In the UK, the police can stop and search you without cause or a warrant, as part of the special "anti-terrorism" rules. Justice is far from blind (or fair), though: black people in the UK are 26 times
more likely to be stopped, frisked, have their bags turned out and be made to explain themselves than white people. This is clearly a violation of the stop-and-search rules, which forbid racial profiling.
So the new UK Tory-LibDem government is going to fix it: they're going to make racial profiling legal.
The Home Office says it intends to press ahead and introduce the guidance allowing race to be taken into account when a police officer stops someone if it is judged to be relevant. It says race cannot be the sole reason for deciding to conduct a search, and the government insists the new measures will "protect civil liberties"...
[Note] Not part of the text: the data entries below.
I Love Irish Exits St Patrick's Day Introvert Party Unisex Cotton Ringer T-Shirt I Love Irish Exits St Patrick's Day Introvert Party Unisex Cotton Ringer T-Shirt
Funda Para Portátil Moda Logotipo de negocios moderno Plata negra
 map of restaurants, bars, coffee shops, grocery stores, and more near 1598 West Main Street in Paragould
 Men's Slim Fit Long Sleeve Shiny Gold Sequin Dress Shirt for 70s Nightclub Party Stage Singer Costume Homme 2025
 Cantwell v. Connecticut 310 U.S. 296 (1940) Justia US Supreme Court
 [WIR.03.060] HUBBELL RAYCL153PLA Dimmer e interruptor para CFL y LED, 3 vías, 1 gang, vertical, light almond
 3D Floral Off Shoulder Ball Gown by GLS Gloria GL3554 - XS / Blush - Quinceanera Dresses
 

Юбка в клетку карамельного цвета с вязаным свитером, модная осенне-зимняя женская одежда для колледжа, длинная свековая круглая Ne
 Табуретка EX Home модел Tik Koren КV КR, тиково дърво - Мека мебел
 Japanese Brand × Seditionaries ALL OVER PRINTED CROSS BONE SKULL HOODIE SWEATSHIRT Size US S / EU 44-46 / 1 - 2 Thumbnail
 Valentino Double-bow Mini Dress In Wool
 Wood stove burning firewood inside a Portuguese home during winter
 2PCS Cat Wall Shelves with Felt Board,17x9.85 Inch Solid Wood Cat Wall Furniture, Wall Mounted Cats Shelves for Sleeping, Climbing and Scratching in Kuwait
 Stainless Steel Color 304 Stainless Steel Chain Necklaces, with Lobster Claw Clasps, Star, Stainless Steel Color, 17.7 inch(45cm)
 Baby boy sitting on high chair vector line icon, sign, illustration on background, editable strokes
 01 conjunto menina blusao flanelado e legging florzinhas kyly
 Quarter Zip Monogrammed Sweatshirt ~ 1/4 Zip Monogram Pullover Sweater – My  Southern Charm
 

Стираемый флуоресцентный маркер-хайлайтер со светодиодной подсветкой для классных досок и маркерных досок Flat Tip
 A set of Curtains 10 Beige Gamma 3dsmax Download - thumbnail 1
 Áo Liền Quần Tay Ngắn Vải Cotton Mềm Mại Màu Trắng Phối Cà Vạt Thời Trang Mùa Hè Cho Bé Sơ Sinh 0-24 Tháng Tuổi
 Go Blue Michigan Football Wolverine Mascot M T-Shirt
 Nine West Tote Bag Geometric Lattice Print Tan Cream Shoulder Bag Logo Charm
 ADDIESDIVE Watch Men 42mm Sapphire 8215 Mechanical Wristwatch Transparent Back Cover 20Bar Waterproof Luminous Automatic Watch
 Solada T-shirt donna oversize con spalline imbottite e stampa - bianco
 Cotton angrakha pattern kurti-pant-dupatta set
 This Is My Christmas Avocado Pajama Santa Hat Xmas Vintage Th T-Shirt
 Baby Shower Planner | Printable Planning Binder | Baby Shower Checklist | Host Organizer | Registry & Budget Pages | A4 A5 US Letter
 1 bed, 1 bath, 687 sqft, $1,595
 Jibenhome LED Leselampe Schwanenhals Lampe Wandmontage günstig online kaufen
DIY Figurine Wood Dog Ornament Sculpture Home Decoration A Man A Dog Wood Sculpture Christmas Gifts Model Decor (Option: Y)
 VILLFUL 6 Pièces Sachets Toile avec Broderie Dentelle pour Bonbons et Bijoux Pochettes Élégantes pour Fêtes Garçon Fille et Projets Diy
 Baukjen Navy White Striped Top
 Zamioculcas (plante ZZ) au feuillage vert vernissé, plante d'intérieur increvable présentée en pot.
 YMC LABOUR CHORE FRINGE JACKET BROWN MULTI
Stop and search plans are 'discriminatory', watchdog warns
The issue of the police stop-and-search powers is particularly controversial because officers are more likely to target a minority ethnic person than someone who is white. African-Caribbean people are already at least six times more likely to be stopped than white people under powers where an officer has reasonable suspicion to carry out a search.
The Home Office proposals cover stops where officers do not require reasonable suspicion, a power they have under section 60 of the Public Order Act, meaning police have maximum discretion. For these stops black people are 26 times more likely than white people to be targeted. Critics say this is blatant discrimination.